→ INSTRUCTIONS TO FOLLOW: Through the line with "Hi guys, it's" and starting from the first line, return the records below word for word, with pictures left out.

→ Stored data entries:
****************************************
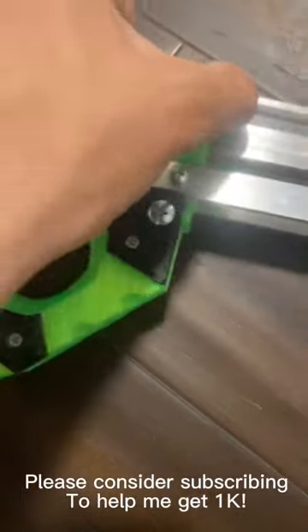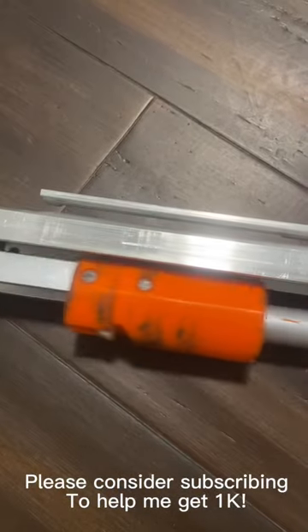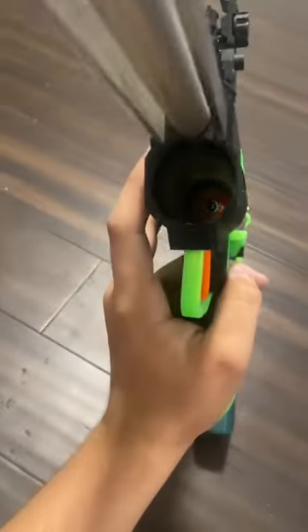This metal bar actually supports the entire priming mechanism, so you have to lift that up before you can take that out. Now you can access your spring.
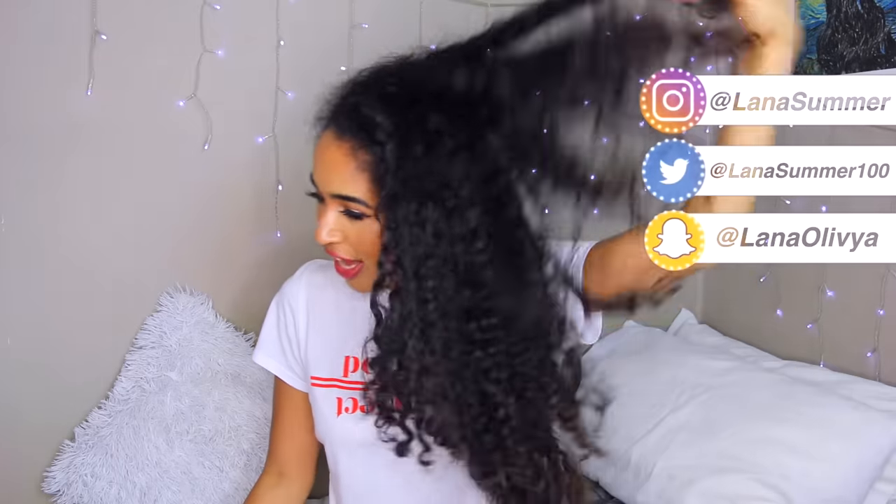Hi guys, it's Nana here and today I want to finally show you guys how I fit all of my hair under a wig. Because I got a lot of hair and it looks so dry right now.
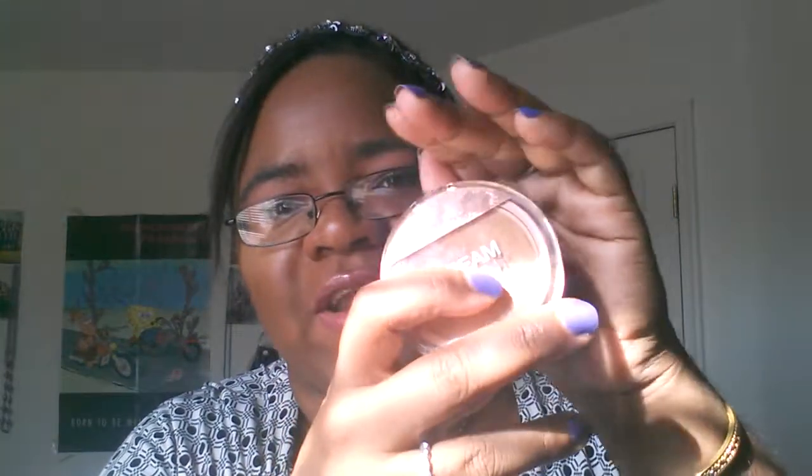First of all, just overall first impressions of the packaging — I love it. I don't know if you can tell because of the sunlight, but there's a really pretty rose gold detail at the top here that says Maybelline New York. You can look up pictures to get a better idea about that. I think that's a really pretty, nice touch. Overall, I feel like the compact is a really good size — nice and small, but not too small. It's round, which I kind of like.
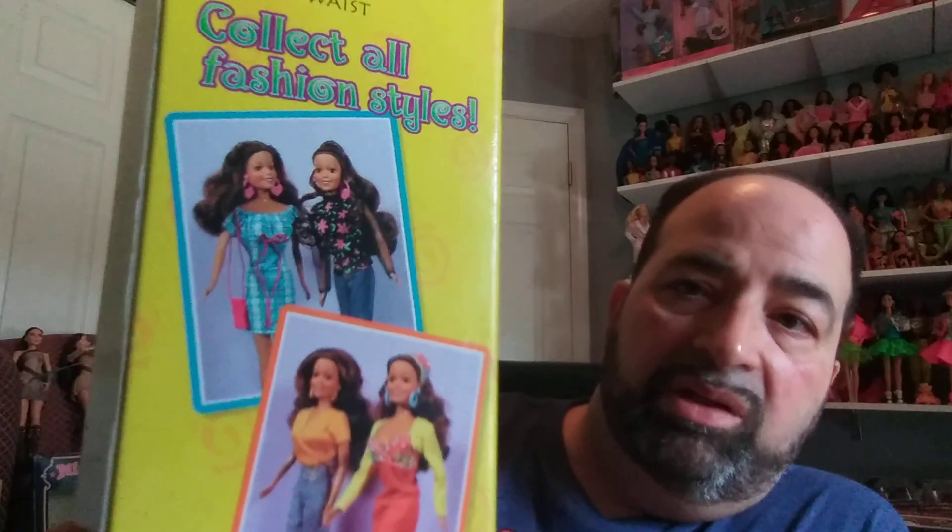Moving on to the next clone doll — this is Sasa Style from Tatsi. They had a whole collection here of poseable fashion dolls: movable head and arms, bendable legs, twistable waist. It says 'collect all fashion styles,' and there are some really nice looks here. The dolls are really pretty, I think, so that's why I wanted this.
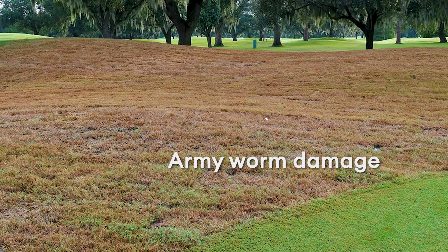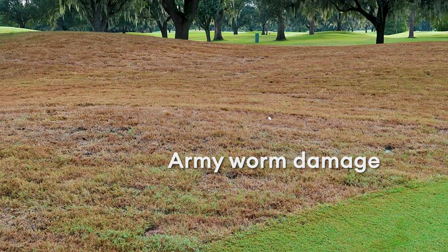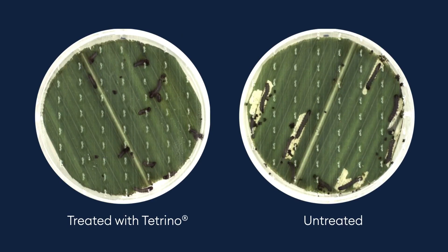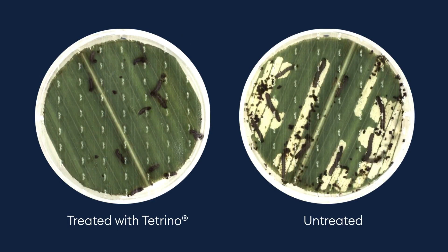As research has shown, the activity of Treino on pests is very quick, so we'll get good quick knockdown, but we will also get several weeks of residual activity for the rest of the season.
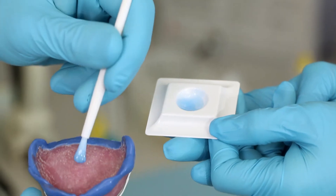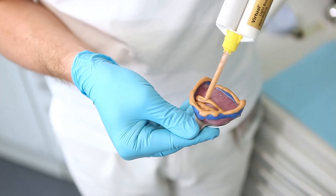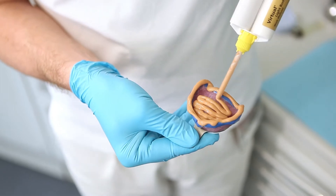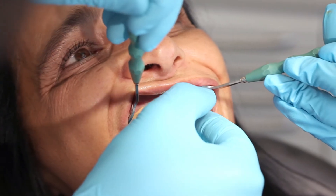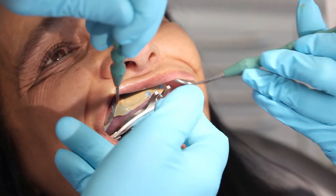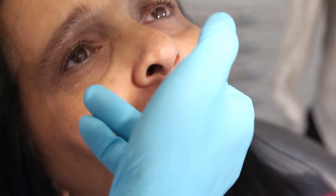After having coated the inner surface of the tray with adhesive varnish, apply virtual light body for the basic or wash impression. Insert the tray and lightly press it into place. It's important to remove any excess that is pressed out on the dorsal aspect immediately.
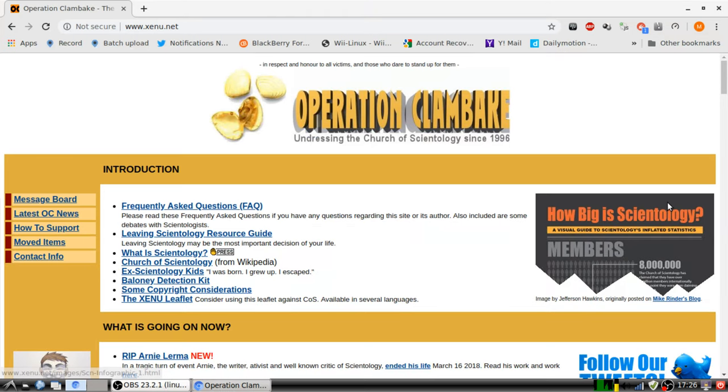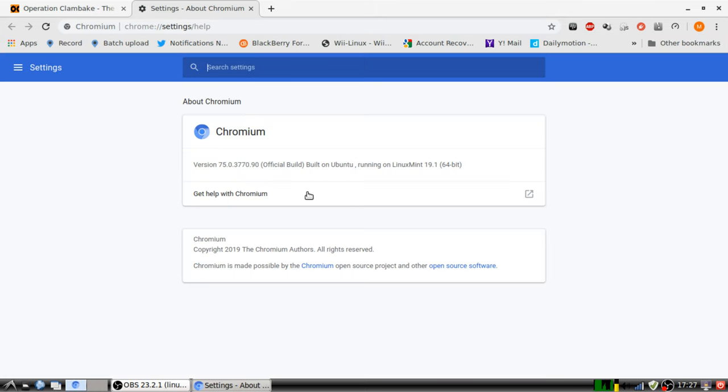Hello Internet, this is the Root. I'm using Google Chrome — version 75, the official build, the latest stable version.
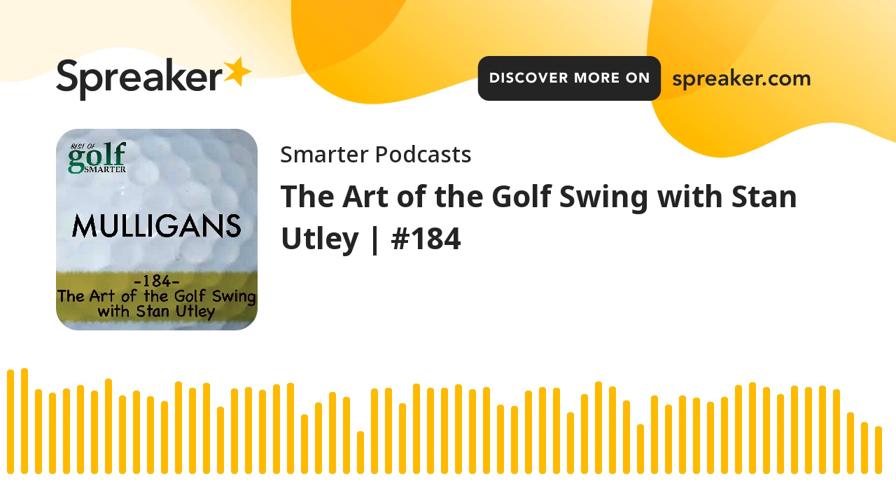Welcome to Golf Smarter Mulligans, your second chance to gain insight and advice from the best instructors featured on the Golf Smarter podcast. Great golf instruction never gets old. Our interview library features hundreds of hours of game improvement conversations like this that are no longer available in any podcast app.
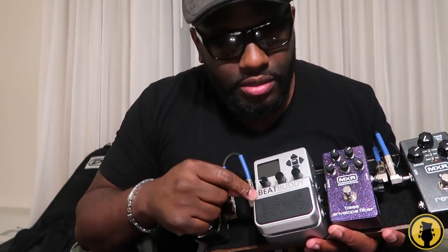For this particular gig, I also have some pedals. I have a Ditto looper, a Beat Buddy by Singular Sound — a great drum machine-type pedal — an MXR bass envelope filter, and a reverb pedal. I did a solo gig this time, which is why I have so many pedals. I actually built this little pedalboard out of a couple pieces of wood and some velcro. All these pedals will be listed in the description.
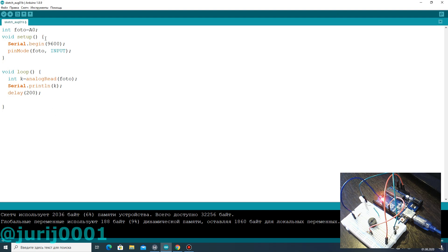Let's update the program to get smart lighting with audible alarms. You will need to repeat after me. You have now seen two new functions: map and constrain.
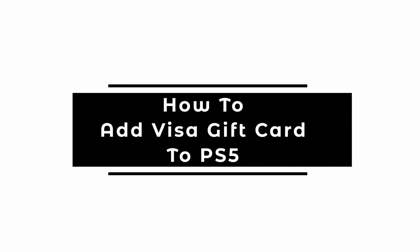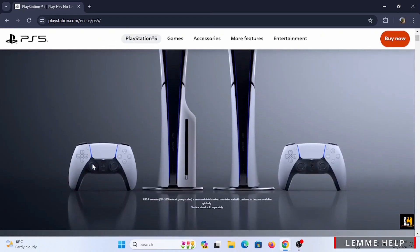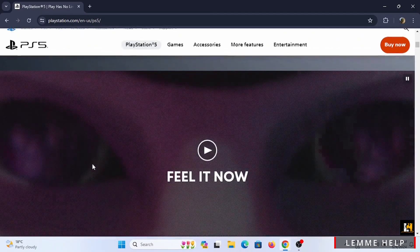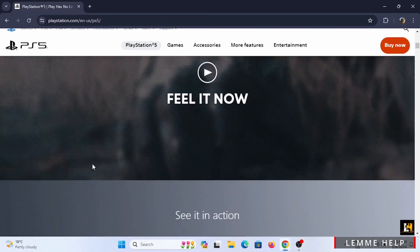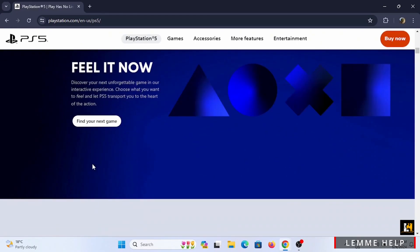How to add a Visa gift card to PS5. Welcome, or welcome back, to Let Me Help. Let's get started with this easy tutorial to add your Visa gift card to your PlayStation. You probably have two ways to do this: through your PS5 console, or through the PlayStation Store website.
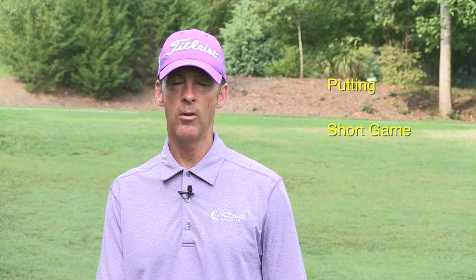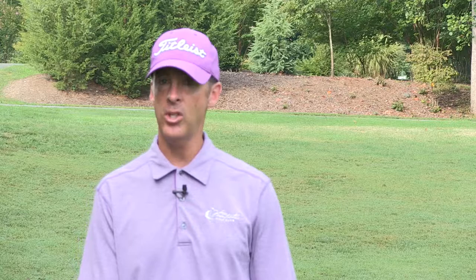This video is going to be covering your skill building time for your short game. By short game, I'm talking about the area just off of the green. There are two main challenges that a golfer must overcome in a short game shot, or in any shot for that matter: one is contact, and the other one is distance control.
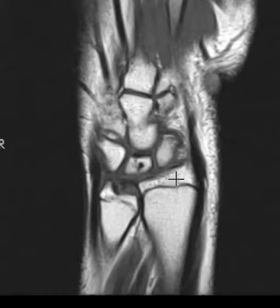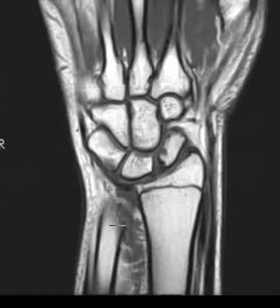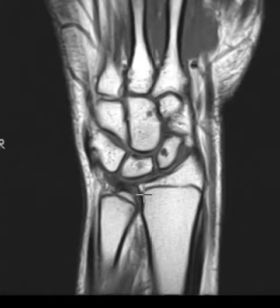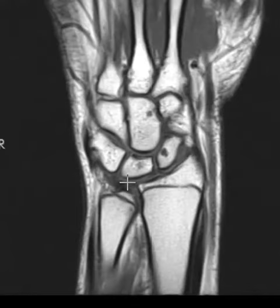But we see some other things here. We see the radius, this bone here, the forearm — it ends here — and this is the ulna. The ulna is a little bit shorter than the radius. Normally, the ulna will go a little more distal; they're almost the same length. The ulna is a little bit shorter, but this is what we call a negative ulnar variance. Sometimes it's too long and will press into this part of the wrist — we call that a positive ulnar variance — but this one is a little bit short.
****************************************
→ SOLUTION FOR THIS TASK:
This metal bar actually supports the entire priming mechanism, so you have to lift that up before you can take that out. Now you can access your spring.
Hi guys, it's Nana here and today I want to finally show you guys how I fit all of my hair under a wig. Because I got a lot of hair and it looks so dry right now.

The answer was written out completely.